#### [WHAT THIS TASK INVOLVES]
Begin at the top of the records below and print each line exactly until the line containing "Gisele Bündchen salva" has been printed; any pictures are to be left out.

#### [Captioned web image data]
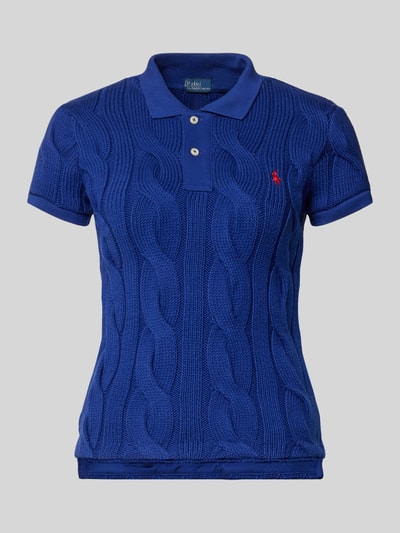 Produktfoto, Koszulka polo z wyhaftowanym logo Poloshirt mit Label-Stitching von Polo Ralph Lauren, bawełna, krój regular fit, kołnierzyk polo, krótka listwa guzikowa, długość tyłu 55 cm dla rozmiaru S, kolor intensywny niebieski, faktura pleciona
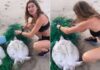 Gisele Bündchen salva tartaruga presa em rede de pesca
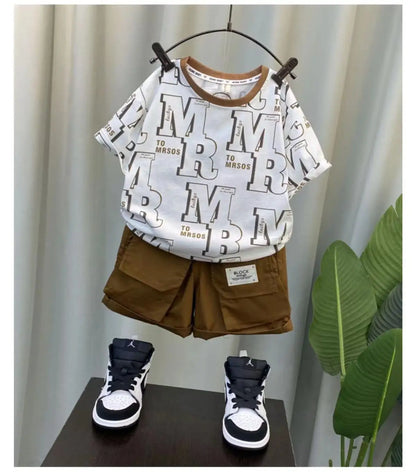 Boys Summer Short Sleeve Set 2024 New Fashionable Baby Clothes Boys Handsome Clothes Children's Letter Two Piece Set
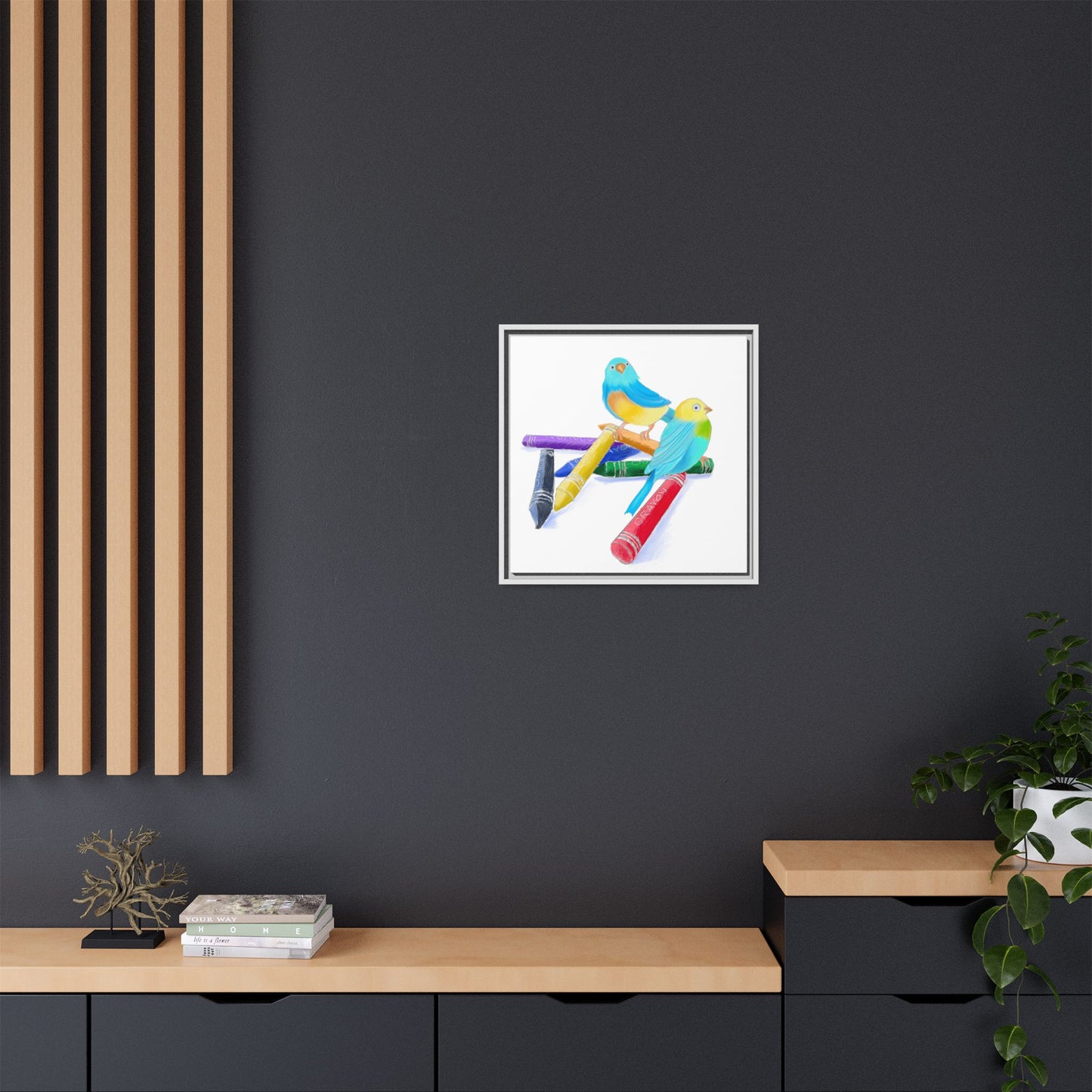 Jolly Birds Matte Canvas Framed
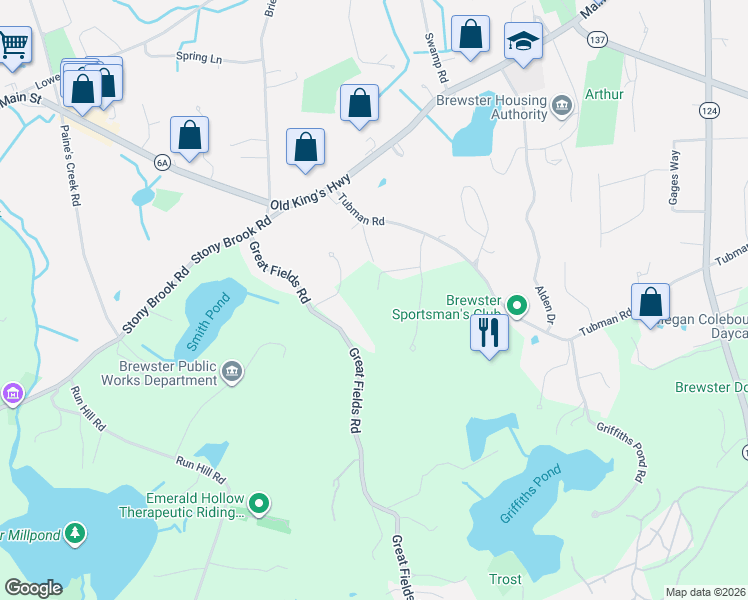 map of restaurants, bars, coffee shops, grocery stores, and more near 69 Martingale Lane in Brewster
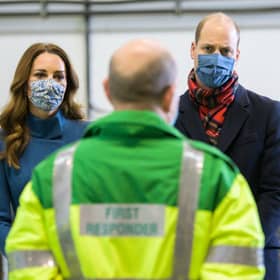 The Duke and Duchess of Cambridge during a visit to the Scottish Ambulance Service response centre in Newbridge, Edinburgh, on the second day of a three-day tour across the country (photo: Wattie Cheung/PA Wire).
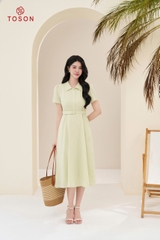 43061X35 - Đầm xòe cổ sam thô đũi xanh ngọc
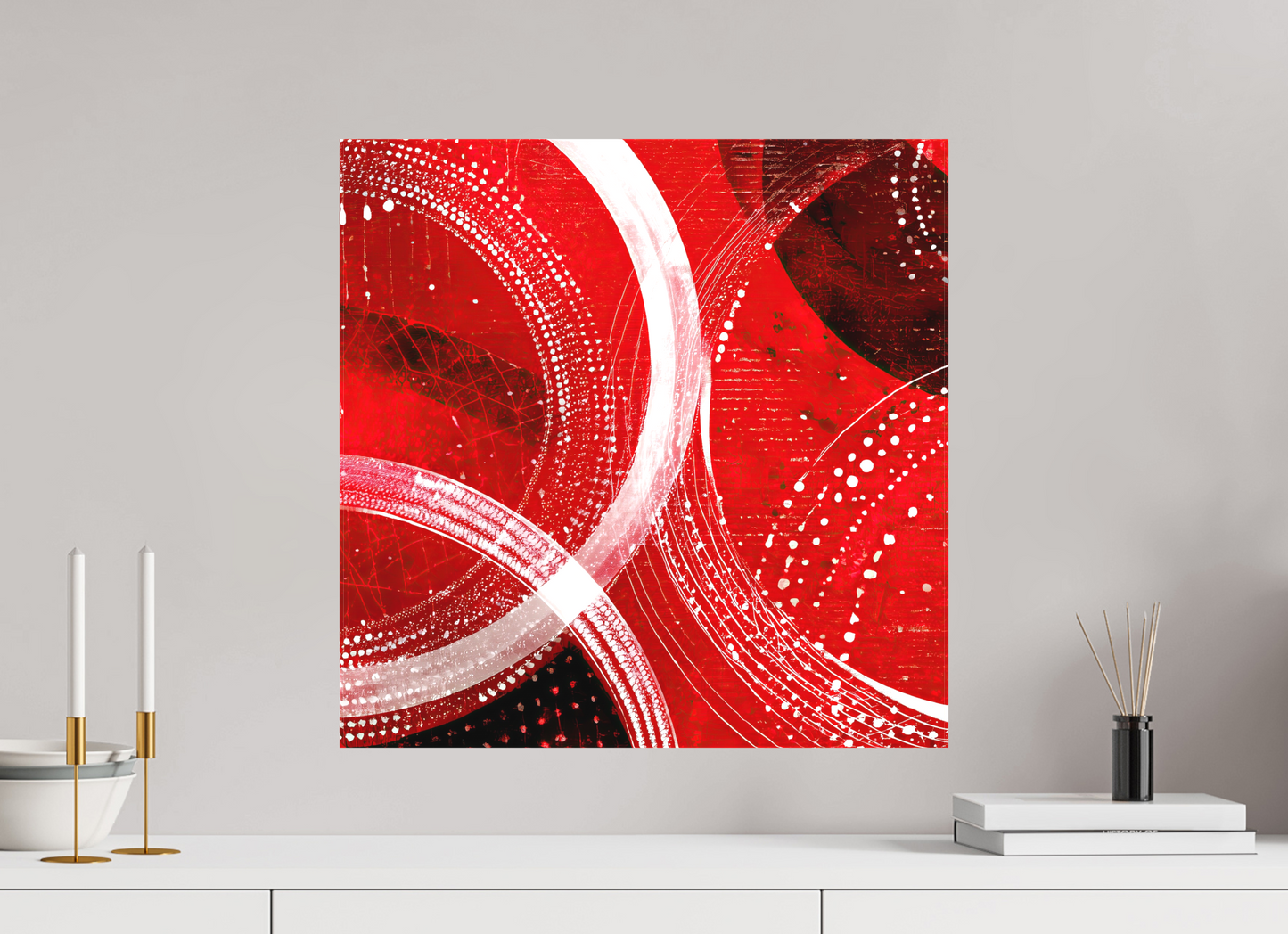 20 x 20″, Textile on Canvas Red & White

#### [RESPONSE TO THE TASK]
 Produktfoto, Koszulka polo z wyhaftowanym logo Poloshirt mit Label-Stitching von Polo Ralph Lauren, bawełna, krój regular fit, kołnierzyk polo, krótka listwa guzikowa, długość tyłu 55 cm dla rozmiaru S, kolor intensywny niebieski, faktura pleciona
 Gisele Bündchen salva tartaruga presa em rede de pesca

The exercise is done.